[RAW DATA]

::::

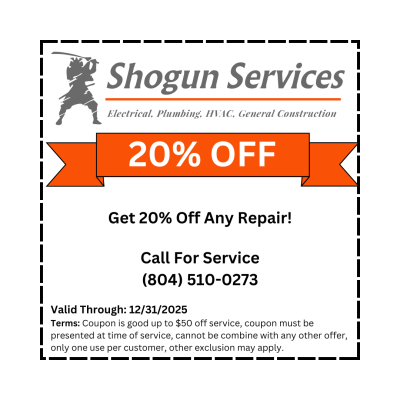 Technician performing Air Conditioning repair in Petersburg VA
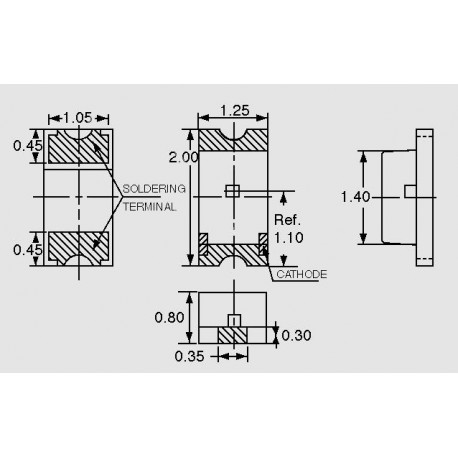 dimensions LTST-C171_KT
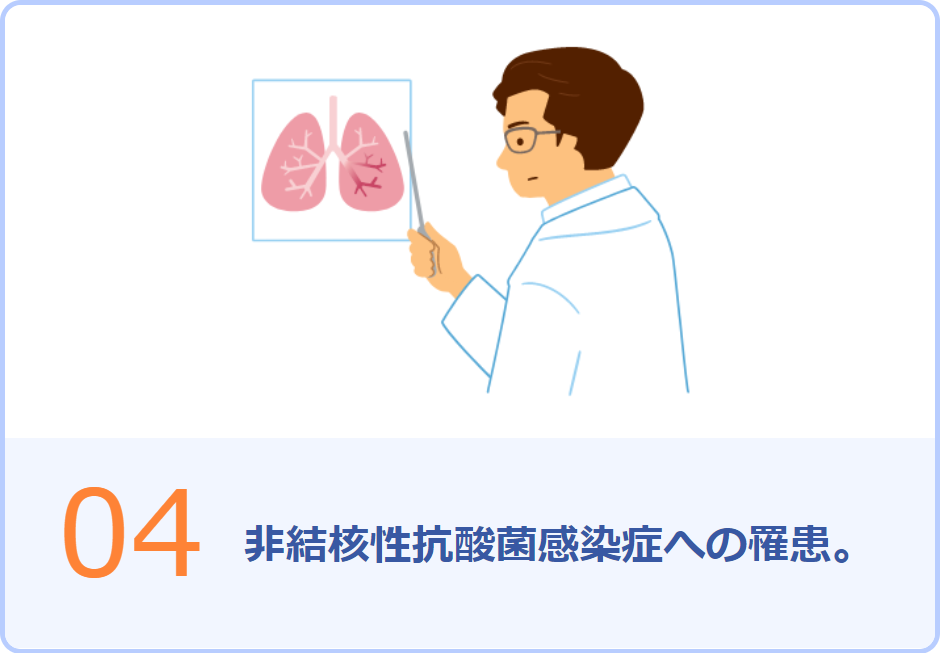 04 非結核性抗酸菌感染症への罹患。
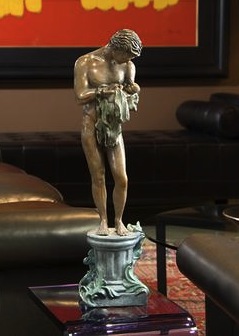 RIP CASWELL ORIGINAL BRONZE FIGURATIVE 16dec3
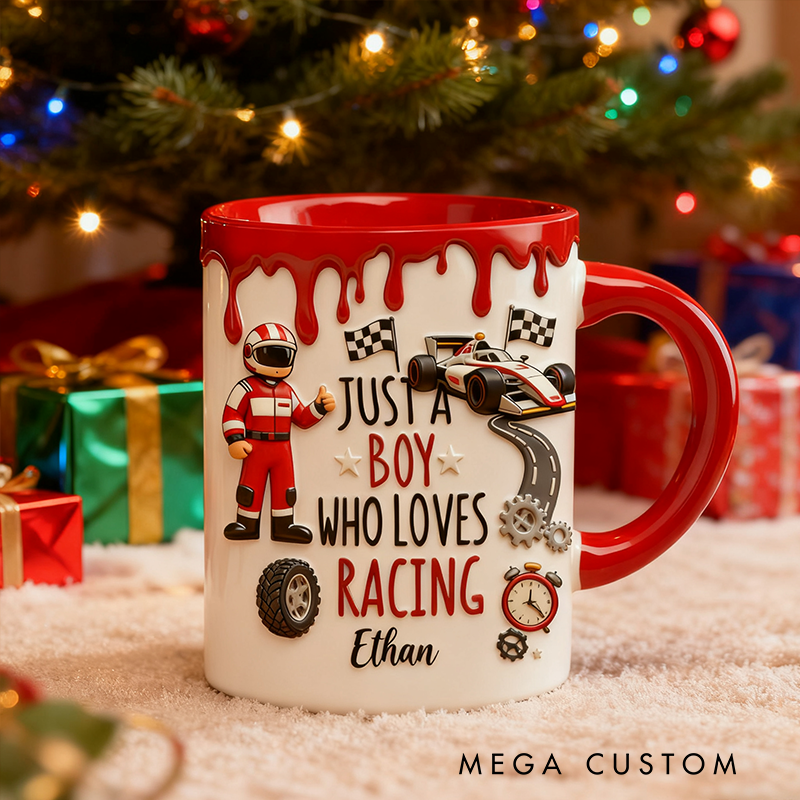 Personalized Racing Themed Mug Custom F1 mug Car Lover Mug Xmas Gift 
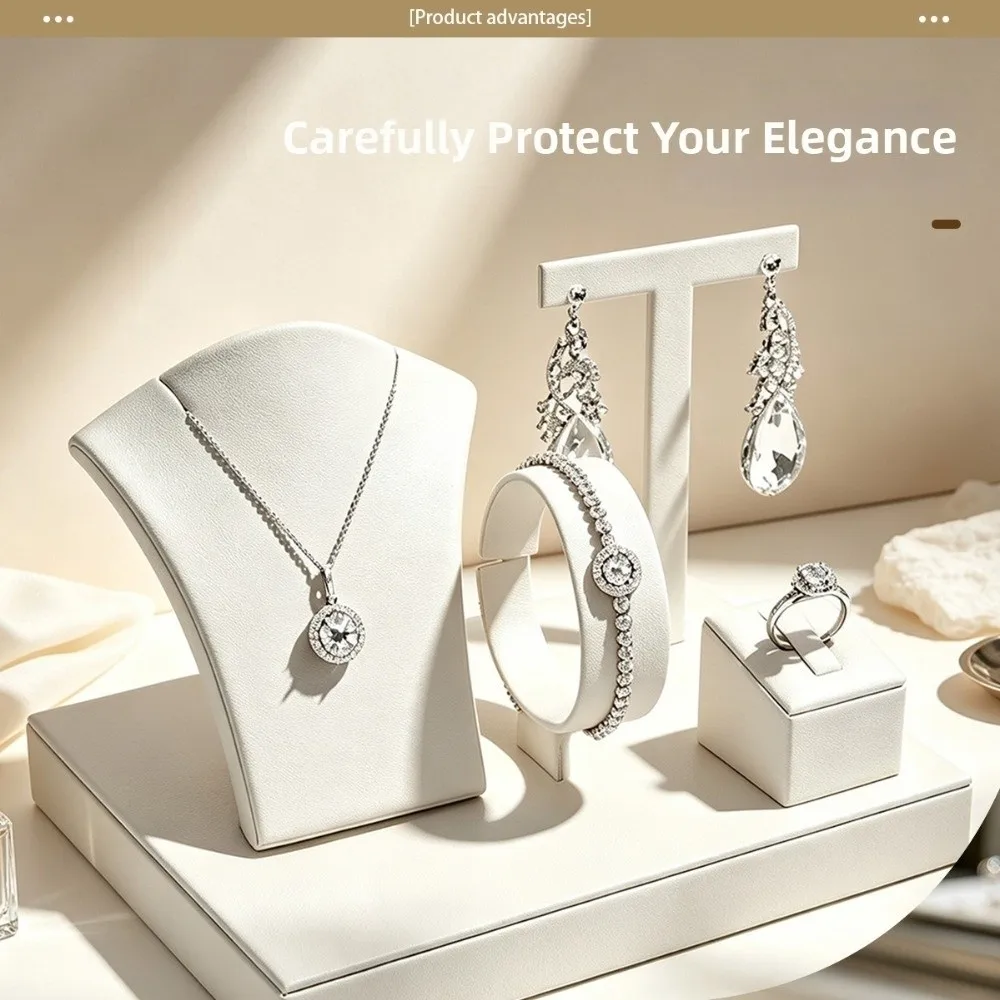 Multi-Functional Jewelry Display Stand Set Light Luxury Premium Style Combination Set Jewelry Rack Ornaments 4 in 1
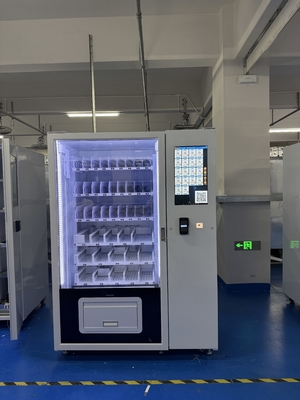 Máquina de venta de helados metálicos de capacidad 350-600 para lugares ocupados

::::

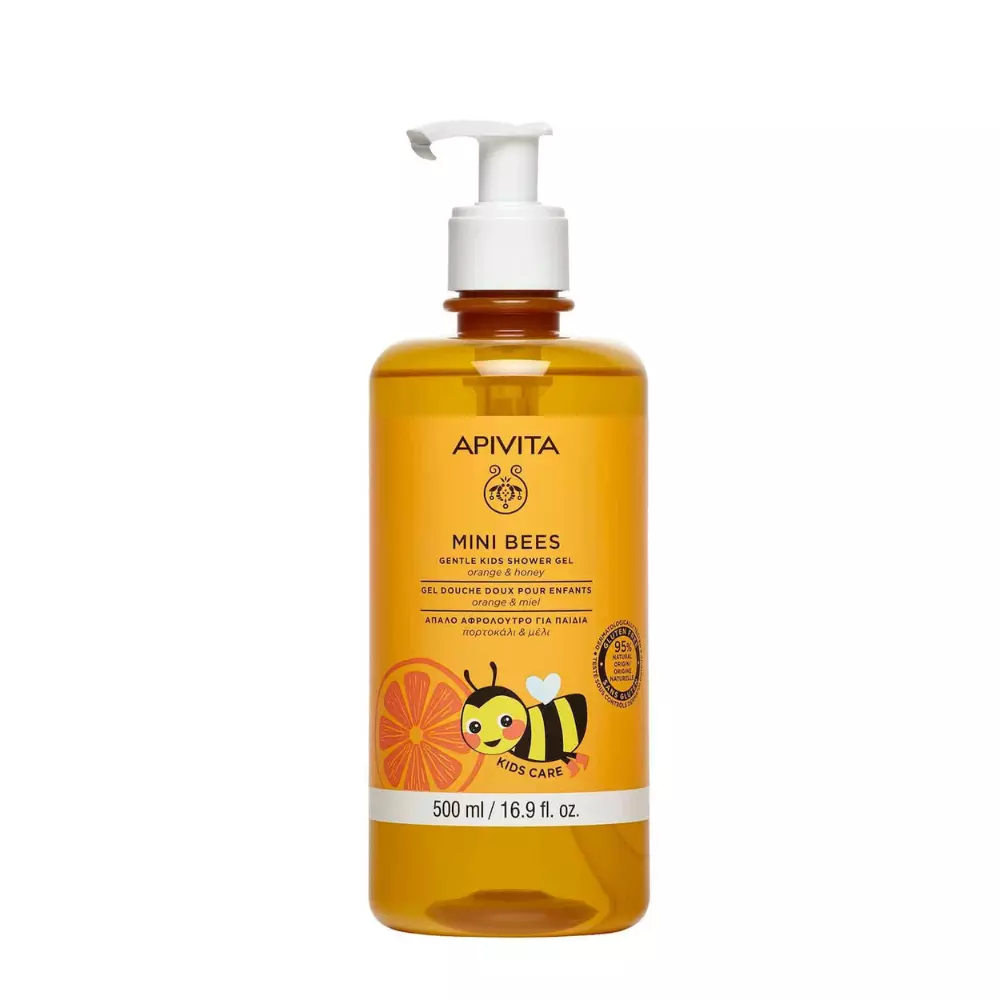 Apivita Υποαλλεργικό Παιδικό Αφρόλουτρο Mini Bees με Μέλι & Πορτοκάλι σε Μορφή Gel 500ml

::::

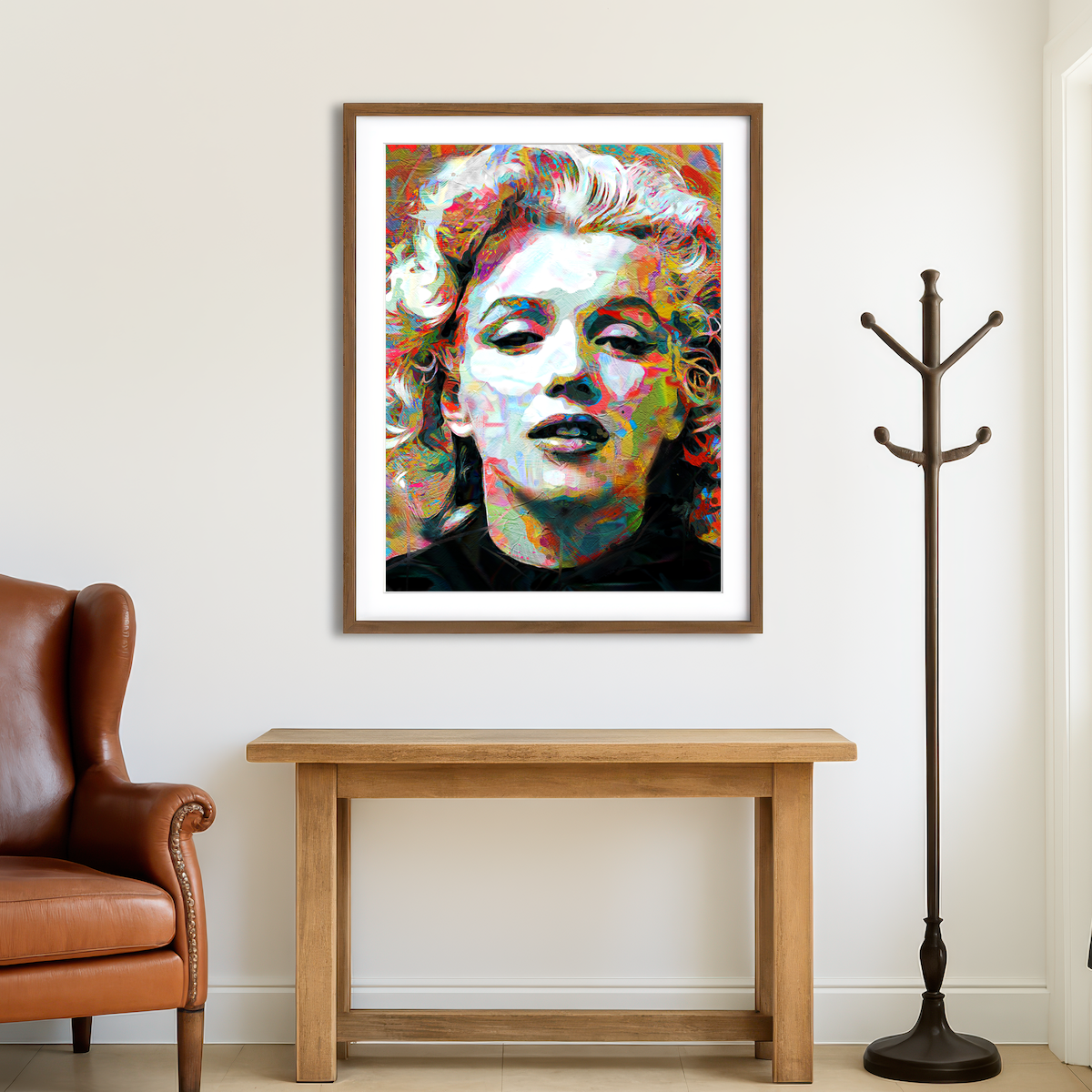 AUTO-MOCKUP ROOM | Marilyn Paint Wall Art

::::

From the line holding "Technician performing Air" to the line holding "Máquina de venta", both included, retype the entries above exactly and drop the pictures.

[OUTPUT]
 Technician performing Air Conditioning repair in Petersburg VA
 dimensions LTST-C171_KT
 04 非結核性抗酸菌感染症への罹患。
 RIP CASWELL ORIGINAL BRONZE FIGURATIVE 16dec3
 Personalized Racing Themed Mug Custom F1 mug Car Lover Mug Xmas Gift 
 Multi-Functional Jewelry Display Stand Set Light Luxury Premium Style Combination Set Jewelry Rack Ornaments 4 in 1
 Máquina de venta de helados metálicos de capacidad 350-600 para lugares ocupados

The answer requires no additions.